Each line of the listing where "taking" appears should be reported.

= Records for the exercise =
___
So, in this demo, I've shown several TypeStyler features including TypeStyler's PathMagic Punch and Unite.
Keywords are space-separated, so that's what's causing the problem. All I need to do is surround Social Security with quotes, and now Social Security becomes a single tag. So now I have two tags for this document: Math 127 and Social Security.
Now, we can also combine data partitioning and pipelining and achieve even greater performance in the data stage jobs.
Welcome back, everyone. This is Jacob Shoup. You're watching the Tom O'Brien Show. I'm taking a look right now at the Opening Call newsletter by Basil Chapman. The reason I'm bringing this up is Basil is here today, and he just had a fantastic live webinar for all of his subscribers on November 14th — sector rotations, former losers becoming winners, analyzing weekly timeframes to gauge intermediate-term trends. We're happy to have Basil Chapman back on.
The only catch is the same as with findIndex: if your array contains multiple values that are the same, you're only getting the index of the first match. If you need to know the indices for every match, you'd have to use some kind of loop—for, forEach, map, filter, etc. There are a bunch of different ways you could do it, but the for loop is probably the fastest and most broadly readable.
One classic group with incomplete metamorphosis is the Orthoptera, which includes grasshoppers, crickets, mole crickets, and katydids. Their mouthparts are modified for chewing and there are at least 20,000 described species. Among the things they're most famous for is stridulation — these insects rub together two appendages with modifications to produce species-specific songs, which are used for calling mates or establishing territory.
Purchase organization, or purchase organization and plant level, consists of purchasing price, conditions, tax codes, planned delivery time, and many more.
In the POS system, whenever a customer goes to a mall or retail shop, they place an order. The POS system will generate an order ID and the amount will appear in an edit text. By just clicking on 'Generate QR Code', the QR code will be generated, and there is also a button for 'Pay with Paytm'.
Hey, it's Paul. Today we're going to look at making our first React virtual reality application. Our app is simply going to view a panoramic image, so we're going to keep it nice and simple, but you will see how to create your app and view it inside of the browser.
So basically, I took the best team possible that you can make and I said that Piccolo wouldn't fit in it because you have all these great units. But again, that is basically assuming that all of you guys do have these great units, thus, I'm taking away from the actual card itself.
___
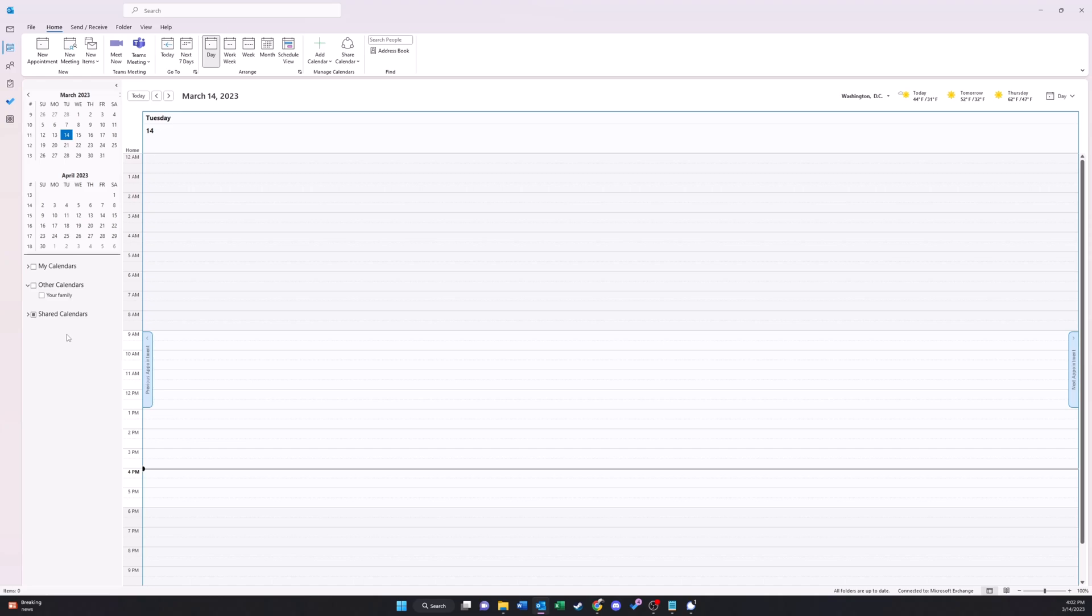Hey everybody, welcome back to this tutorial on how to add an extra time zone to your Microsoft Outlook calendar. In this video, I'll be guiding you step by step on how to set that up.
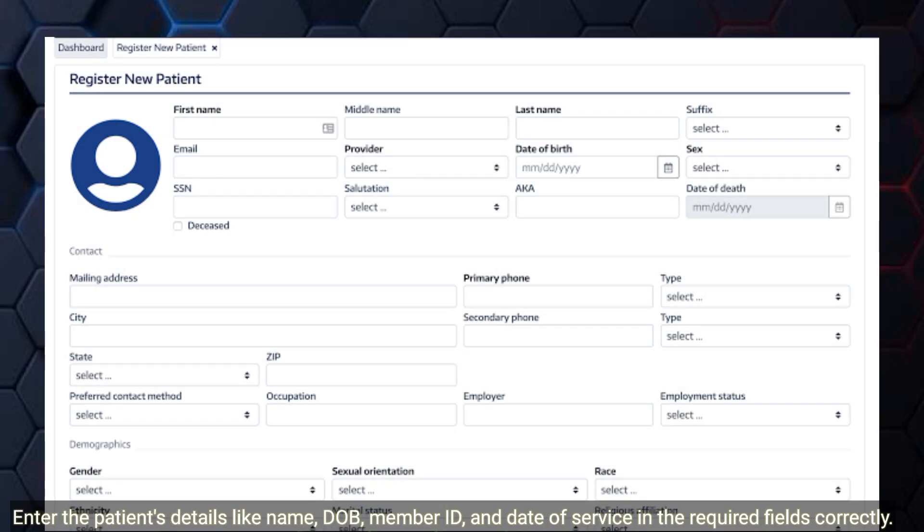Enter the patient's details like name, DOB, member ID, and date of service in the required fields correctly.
___
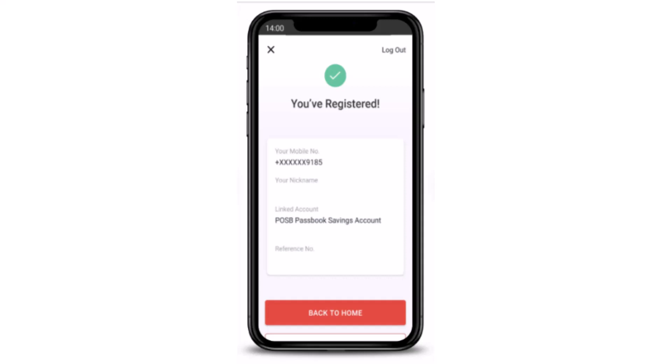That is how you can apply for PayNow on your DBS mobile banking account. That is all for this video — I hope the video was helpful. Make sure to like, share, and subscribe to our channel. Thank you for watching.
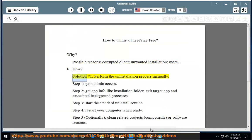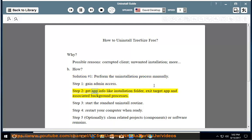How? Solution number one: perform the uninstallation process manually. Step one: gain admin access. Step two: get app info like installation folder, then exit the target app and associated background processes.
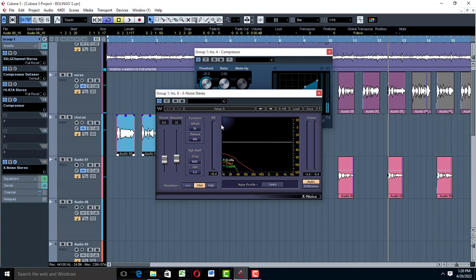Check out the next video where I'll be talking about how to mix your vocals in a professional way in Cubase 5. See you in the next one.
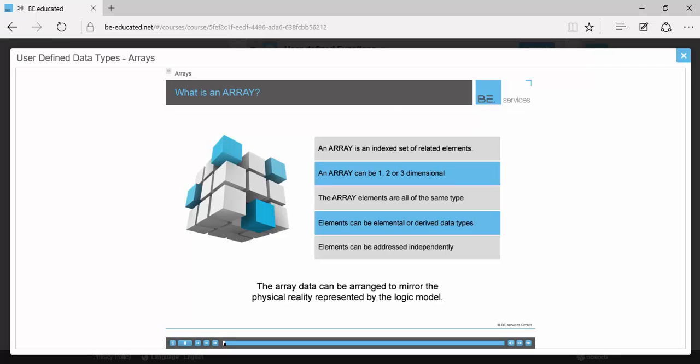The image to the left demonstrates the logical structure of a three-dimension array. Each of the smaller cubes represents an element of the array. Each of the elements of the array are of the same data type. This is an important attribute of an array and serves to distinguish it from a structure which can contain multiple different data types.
___
= Exercise response =
Welcome back, everyone. This is Jacob Shoup. You're watching the Tom O'Brien Show. I'm taking a look right now at the Opening Call newsletter by Basil Chapman. The reason I'm bringing this up is Basil is here today, and he just had a fantastic live webinar for all of his subscribers on November 14th — sector rotations, former losers becoming winners, analyzing weekly timeframes to gauge intermediate-term trends. We're happy to have Basil Chapman back on.
So basically, I took the best team possible that you can make and I said that Piccolo wouldn't fit in it because you have all these great units. But again, that is basically assuming that all of you guys do have these great units, thus, I'm taking away from the actual card itself.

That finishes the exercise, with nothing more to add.